**Problem to solve**
In your answer, repeat each line of the data exactly.

━━━━━ Supplied data

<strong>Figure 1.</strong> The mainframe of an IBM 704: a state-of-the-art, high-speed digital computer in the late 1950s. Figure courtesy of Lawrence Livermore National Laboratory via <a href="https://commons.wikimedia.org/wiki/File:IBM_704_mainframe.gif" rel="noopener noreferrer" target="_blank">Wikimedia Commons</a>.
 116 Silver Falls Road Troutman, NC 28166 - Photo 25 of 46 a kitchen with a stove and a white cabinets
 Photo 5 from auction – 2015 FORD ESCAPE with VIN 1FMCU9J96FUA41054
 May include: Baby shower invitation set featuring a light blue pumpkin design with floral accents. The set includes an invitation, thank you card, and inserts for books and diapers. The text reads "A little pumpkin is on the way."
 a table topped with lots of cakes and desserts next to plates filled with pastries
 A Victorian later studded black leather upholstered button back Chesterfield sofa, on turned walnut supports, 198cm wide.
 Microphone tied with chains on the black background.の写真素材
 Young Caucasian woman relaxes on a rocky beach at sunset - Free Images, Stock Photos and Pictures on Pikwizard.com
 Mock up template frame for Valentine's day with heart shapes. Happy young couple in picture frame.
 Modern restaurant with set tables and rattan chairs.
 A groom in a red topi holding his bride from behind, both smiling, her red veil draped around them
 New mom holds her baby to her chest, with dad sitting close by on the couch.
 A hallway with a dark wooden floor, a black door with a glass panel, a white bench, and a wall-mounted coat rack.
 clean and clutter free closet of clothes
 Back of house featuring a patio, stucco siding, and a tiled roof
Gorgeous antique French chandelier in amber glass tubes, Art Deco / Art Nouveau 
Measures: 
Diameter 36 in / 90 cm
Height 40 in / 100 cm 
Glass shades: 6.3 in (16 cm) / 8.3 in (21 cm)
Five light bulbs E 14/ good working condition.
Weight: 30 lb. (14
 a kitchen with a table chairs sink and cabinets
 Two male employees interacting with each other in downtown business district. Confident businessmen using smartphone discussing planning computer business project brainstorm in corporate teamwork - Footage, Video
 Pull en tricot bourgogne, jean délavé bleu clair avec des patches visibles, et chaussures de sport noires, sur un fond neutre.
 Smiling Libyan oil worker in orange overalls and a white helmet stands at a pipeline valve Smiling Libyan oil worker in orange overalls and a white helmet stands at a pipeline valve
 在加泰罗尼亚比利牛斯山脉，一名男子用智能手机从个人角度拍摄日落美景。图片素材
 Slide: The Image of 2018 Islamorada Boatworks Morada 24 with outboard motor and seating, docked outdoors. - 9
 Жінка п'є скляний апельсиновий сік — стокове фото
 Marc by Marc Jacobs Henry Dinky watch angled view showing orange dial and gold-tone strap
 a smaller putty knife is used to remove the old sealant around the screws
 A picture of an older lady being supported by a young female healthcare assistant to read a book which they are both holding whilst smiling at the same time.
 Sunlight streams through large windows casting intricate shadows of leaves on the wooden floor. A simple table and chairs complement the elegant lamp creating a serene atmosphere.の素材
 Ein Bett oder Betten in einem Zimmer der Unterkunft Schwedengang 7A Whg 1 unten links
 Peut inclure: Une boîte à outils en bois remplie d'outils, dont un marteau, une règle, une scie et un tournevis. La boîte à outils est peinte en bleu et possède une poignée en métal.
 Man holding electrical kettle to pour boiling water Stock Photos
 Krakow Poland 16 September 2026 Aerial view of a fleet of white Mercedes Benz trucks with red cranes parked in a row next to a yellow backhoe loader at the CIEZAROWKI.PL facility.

━━━━━━━━━━

**Written response**
<strong>Figure 1.</strong> The mainframe of an IBM 704: a state-of-the-art, high-speed digital computer in the late 1950s. Figure courtesy of Lawrence Livermore National Laboratory via <a href="https://commons.wikimedia.org/wiki/File:IBM_704_mainframe.gif" rel="noopener noreferrer" target="_blank">Wikimedia Commons</a>.
 116 Silver Falls Road Troutman, NC 28166 - Photo 25 of 46 a kitchen with a stove and a white cabinets
 Photo 5 from auction – 2015 FORD ESCAPE with VIN 1FMCU9J96FUA41054
 May include: Baby shower invitation set featuring a light blue pumpkin design with floral accents. The set includes an invitation, thank you card, and inserts for books and diapers. The text reads "A little pumpkin is on the way."
 a table topped with lots of cakes and desserts next to plates filled with pastries
 A Victorian later studded black leather upholstered button back Chesterfield sofa, on turned walnut supports, 198cm wide.
 Microphone tied with chains on the black background.の写真素材
 Young Caucasian woman relaxes on a rocky beach at sunset - Free Images, Stock Photos and Pictures on Pikwizard.com
 Mock up template frame for Valentine's day with heart shapes. Happy young couple in picture frame.
 Modern restaurant with set tables and rattan chairs.
 A groom in a red topi holding his bride from behind, both smiling, her red veil draped around them
 New mom holds her baby to her chest, with dad sitting close by on the couch.
 A hallway with a dark wooden floor, a black door with a glass panel, a white bench, and a wall-mounted coat rack.
 clean and clutter free closet of clothes
 Back of house featuring a patio, stucco siding, and a tiled roof
Gorgeous antique French chandelier in amber glass tubes, Art Deco / Art Nouveau 
Measures: 
Diameter 36 in / 90 cm
Height 40 in / 100 cm 
Glass shades: 6.3 in (16 cm) / 8.3 in (21 cm)
Five light bulbs E 14/ good working condition.
Weight: 30 lb. (14
 a kitchen with a table chairs sink and cabinets
 Two male employees interacting with each other in downtown business district. Confident businessmen using smartphone discussing planning computer business project brainstorm in corporate teamwork - Footage, Video
 Pull en tricot bourgogne, jean délavé bleu clair avec des patches visibles, et chaussures de sport noires, sur un fond neutre.
 Smiling Libyan oil worker in orange overalls and a white helmet stands at a pipeline valve Smiling Libyan oil worker in orange overalls and a white helmet stands at a pipeline valve
 在加泰罗尼亚比利牛斯山脉，一名男子用智能手机从个人角度拍摄日落美景。图片素材
 Slide: The Image of 2018 Islamorada Boatworks Morada 24 with outboard motor and seating, docked outdoors. - 9
 Жінка п'є скляний апельсиновий сік — стокове фото
 Marc by Marc Jacobs Henry Dinky watch angled view showing orange dial and gold-tone strap
 a smaller putty knife is used to remove the old sealant around the screws
 A picture of an older lady being supported by a young female healthcare assistant to read a book which they are both holding whilst smiling at the same time.
 Sunlight streams through large windows casting intricate shadows of leaves on the wooden floor. A simple table and chairs complement the elegant lamp creating a serene atmosphere.の素材
 Ein Bett oder Betten in einem Zimmer der Unterkunft Schwedengang 7A Whg 1 unten links
 Peut inclure: Une boîte à outils en bois remplie d'outils, dont un marteau, une règle, une scie et un tournevis. La boîte à outils est peinte en bleu et possède une poignée en métal.
 Man holding electrical kettle to pour boiling water Stock Photos
 Krakow Poland 16 September 2026 Aerial view of a fleet of white Mercedes Benz trucks with red cranes parked in a row next to a yellow backhoe loader at the CIEZAROWKI.PL facility.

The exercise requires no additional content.